By Martin Coulter
LONDON (Reuters) – Facebook approved a series of online ads promoting violence in Brazil, days after protesters ransacked government buildings, according to a new report.
Earlier this month, thousands of supporters of Brazil’s far-right former President Jair Bolsonaro stormed the nation’s congress, supreme court, and presidential palace in an attack lasting more than three hours.
In an attempt to stem the flow of posts inciting violence online, Facebook’s parent company Meta said it had designated Brazil as a ‘temporary high-risk location’ and removed content calling for people to take up arms or forcibly invade government buildings.
However, four days after the uprising, human rights organisation Global Witness found Facebook was still allowing ads containing death threats and other calls to violence on its platform.
Using fake accounts, the group submitted 16 bogus ads to run on the platform, 14 of which were approved for publication.
Among the approved ads were messages which read, in Portuguese: ‘We need to unearth all the rats that have seized power and shoot them’, ‘We need a military revolution to restore the rule of law’, and ‘Death to the children of Lula voters’.
Leftist President Luiz Inacio Lula da Silva took office on Jan. 1 after defeating Bolsonaro in a runoff election in October.

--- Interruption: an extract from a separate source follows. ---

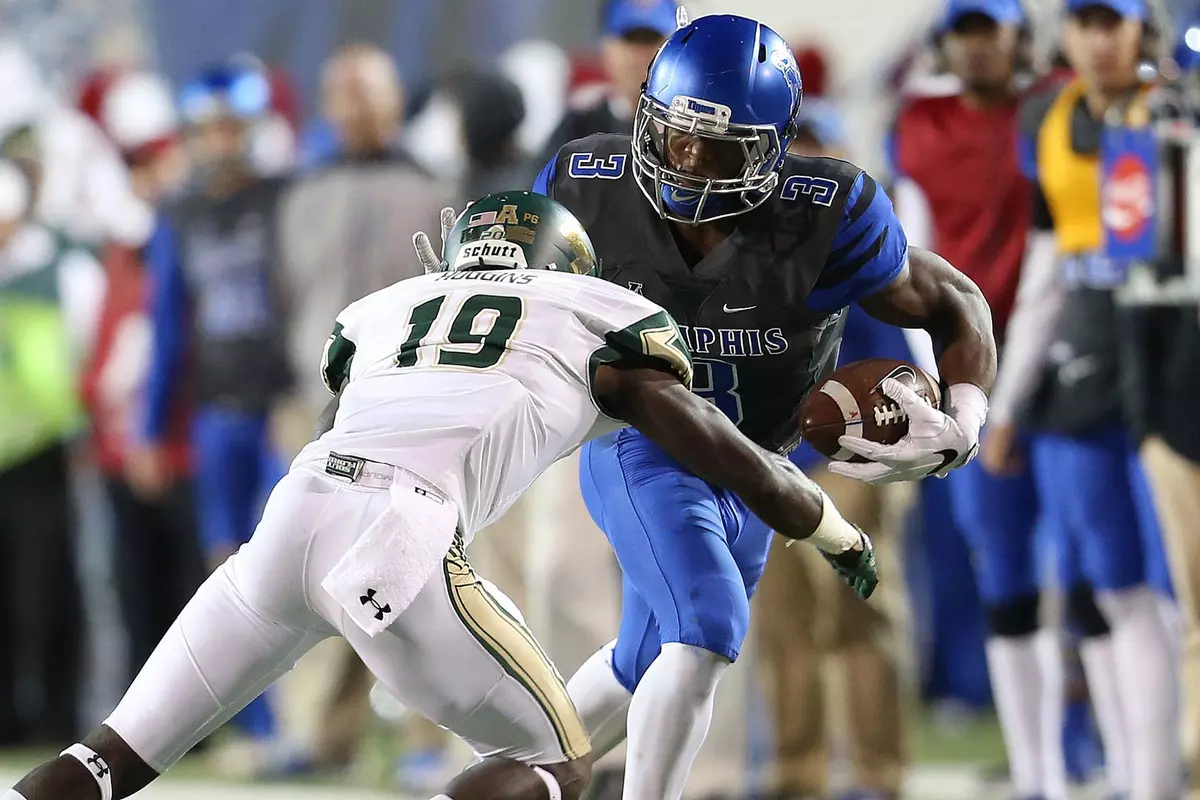 Anthony Miller USF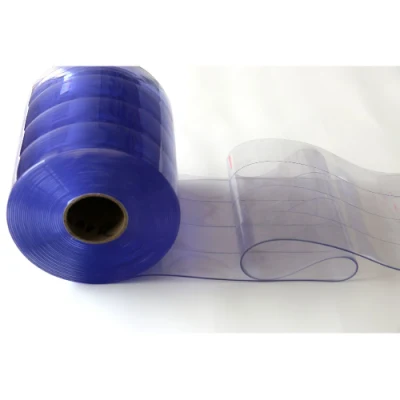 EU Standard PVC Strip Curtain Plastic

Bolsonaro refused to concede defeat, however, and some supporters claimed the election was stolen.
Global Witness also submitted the ads for approval on YouTube, but the video-sharing platform immediately suspended the group’s accounts.
Global Witness said it withdrew the ads from Facebook before any other users could see them.
‘In the aftermath of the violence in Brasilia, Facebook said they were ‘actively monitoring’ the situation and removing content in violation of their policies. This test shows how poorly they’re able to enforce what they say,’ said Rosie Sharpe, digital threats campaigner at Global Witness.
‘YouTube’s much stronger response demonstrates that the test we have set is possible to pass.’
Meta spokesperson Mitch Henderson said Global Witness’ small sample of ads was not representative of how the company enforced its policies at scale.
‘Like we’ve said in the past, ahead of last year’s election in Brazil, we removed hundreds of thousands of pieces of content that violated our policies on violence and incitement and rejected tens of thousands of ad submissions before they ran.
‘We use technology and teams to help keep our platforms safe from abuse and we’re constantly refining our processes to enforce our policies at scale.’